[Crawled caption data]
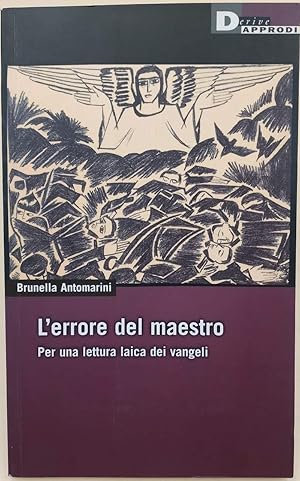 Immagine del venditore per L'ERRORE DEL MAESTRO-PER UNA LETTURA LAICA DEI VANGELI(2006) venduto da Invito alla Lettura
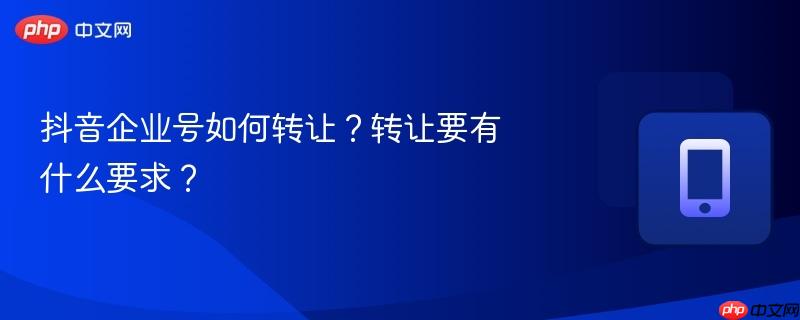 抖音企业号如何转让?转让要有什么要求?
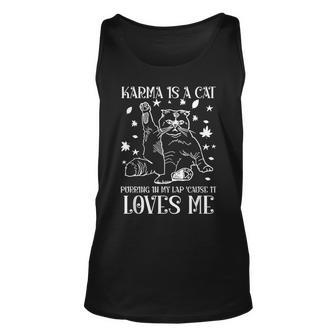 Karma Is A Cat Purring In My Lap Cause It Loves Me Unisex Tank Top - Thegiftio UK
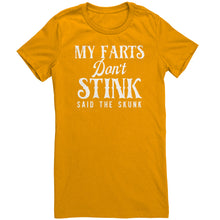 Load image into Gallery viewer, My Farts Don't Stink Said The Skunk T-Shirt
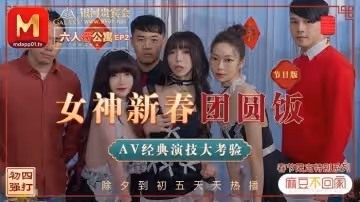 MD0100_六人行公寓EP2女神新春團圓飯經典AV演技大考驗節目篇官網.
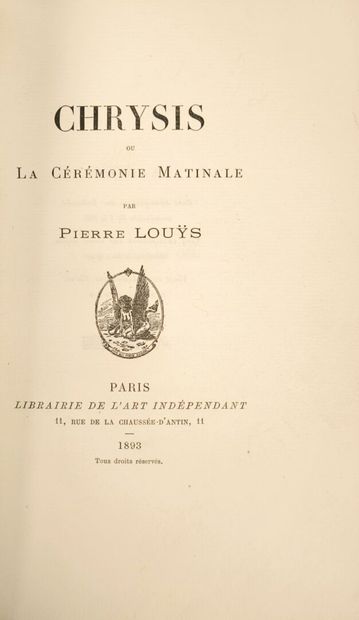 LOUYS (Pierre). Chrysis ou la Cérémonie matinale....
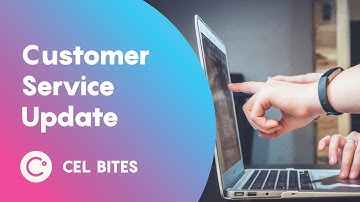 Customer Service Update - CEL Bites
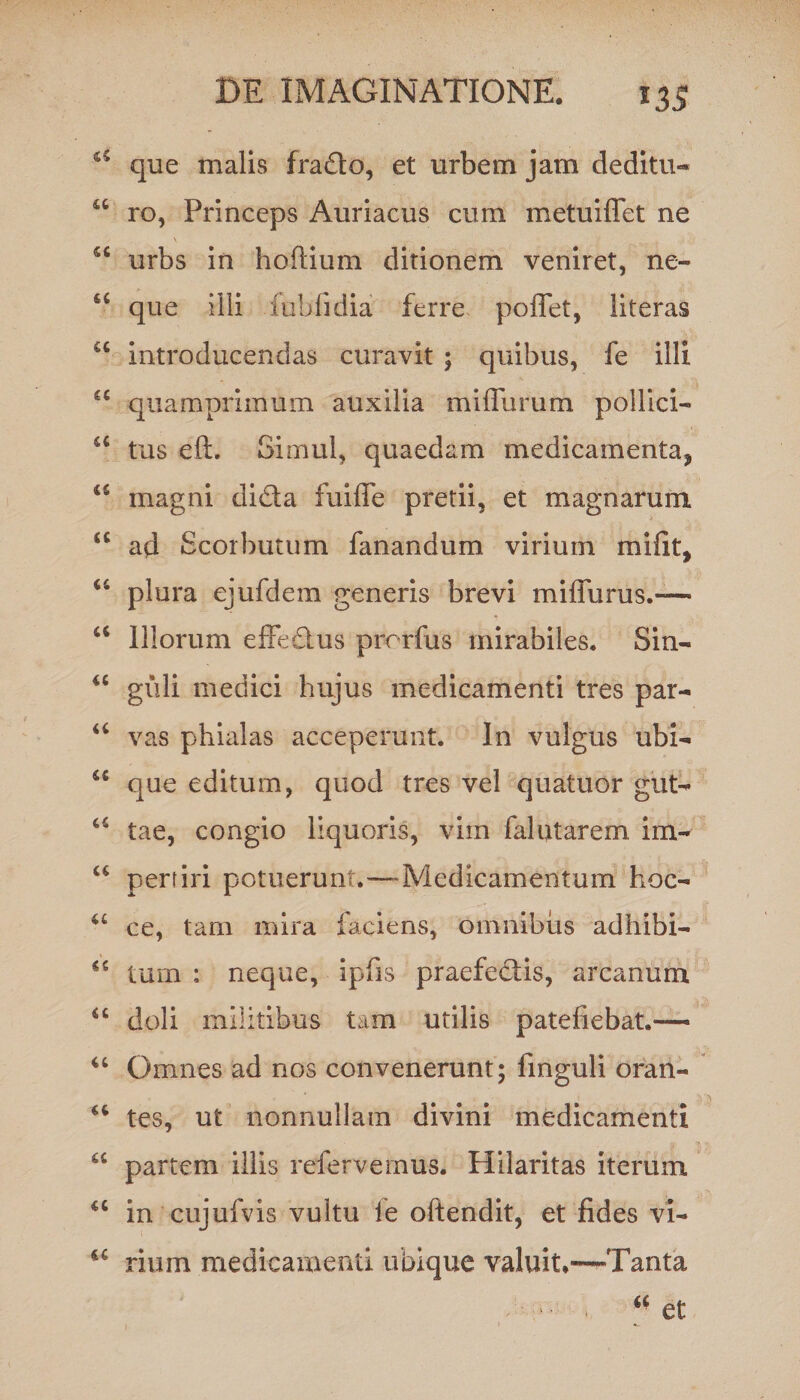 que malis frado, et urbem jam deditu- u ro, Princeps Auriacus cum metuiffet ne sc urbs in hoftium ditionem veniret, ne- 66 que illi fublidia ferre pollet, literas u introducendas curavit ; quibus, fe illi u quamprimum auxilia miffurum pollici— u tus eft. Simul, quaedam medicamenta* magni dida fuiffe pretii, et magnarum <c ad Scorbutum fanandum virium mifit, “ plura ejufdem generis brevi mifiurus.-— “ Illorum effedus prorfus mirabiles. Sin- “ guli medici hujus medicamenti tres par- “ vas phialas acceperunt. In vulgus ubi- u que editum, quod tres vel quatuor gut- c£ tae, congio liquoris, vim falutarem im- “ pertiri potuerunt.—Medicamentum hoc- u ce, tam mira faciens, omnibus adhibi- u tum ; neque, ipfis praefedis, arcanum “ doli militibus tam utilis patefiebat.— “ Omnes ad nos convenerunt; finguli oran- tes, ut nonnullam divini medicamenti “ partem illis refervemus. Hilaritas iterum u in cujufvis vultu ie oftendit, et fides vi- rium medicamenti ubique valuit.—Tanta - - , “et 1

> Work to complete: Starting at the line containing "LOUYS (Pierre). Chrysis" and finishing at the line containing "Customer Service Update - CEL Bites", return those lines exactly as they appear above, without the pictures.

> Exercise response:
 LOUYS (Pierre). Chrysis ou la Cérémonie matinale....
 Customer Service Update - CEL Bites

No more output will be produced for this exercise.